About this task >> Would you pull out every line of the material that contains the string "from"?

Provided data >>
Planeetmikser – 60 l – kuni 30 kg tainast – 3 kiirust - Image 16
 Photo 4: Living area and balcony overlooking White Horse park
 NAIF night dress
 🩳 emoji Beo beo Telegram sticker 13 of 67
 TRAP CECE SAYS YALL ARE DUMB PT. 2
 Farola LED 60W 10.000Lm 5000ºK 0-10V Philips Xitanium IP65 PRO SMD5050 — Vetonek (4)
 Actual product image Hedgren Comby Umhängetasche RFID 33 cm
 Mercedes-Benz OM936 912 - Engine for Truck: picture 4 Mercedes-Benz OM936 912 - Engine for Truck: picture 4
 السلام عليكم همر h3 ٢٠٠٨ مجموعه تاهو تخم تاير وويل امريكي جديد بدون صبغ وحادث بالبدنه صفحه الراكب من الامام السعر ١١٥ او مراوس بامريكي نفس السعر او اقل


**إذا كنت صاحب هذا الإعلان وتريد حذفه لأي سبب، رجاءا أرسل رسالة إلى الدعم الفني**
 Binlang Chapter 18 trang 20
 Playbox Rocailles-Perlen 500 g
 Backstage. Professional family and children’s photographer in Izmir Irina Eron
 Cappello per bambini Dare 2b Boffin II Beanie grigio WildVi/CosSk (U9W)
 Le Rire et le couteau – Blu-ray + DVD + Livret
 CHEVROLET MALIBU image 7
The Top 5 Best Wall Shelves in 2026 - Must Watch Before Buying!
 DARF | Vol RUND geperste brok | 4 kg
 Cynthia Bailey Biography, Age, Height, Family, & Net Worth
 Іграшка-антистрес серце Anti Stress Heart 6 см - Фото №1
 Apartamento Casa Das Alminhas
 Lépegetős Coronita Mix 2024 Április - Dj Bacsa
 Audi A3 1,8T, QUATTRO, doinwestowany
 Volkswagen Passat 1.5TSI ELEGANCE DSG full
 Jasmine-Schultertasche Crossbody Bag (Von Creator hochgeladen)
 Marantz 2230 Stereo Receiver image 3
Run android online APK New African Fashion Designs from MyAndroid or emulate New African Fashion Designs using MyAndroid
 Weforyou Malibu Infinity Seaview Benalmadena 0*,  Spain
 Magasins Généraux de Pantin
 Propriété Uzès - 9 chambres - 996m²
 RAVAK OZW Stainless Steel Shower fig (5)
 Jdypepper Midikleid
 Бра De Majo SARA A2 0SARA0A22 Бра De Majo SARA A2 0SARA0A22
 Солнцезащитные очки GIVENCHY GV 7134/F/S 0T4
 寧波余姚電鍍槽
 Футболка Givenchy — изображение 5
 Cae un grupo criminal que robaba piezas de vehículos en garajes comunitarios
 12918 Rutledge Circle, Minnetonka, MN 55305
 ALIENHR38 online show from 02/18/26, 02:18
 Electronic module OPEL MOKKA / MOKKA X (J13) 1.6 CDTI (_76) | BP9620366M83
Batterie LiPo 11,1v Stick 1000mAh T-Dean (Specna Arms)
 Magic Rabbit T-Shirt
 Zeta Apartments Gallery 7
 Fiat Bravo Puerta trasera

Answer to this task >>
Run android online APK New African Fashion Designs from MyAndroid or emulate New African Fashion Designs using MyAndroid
 ALIENHR38 online show from 02/18/26, 02:18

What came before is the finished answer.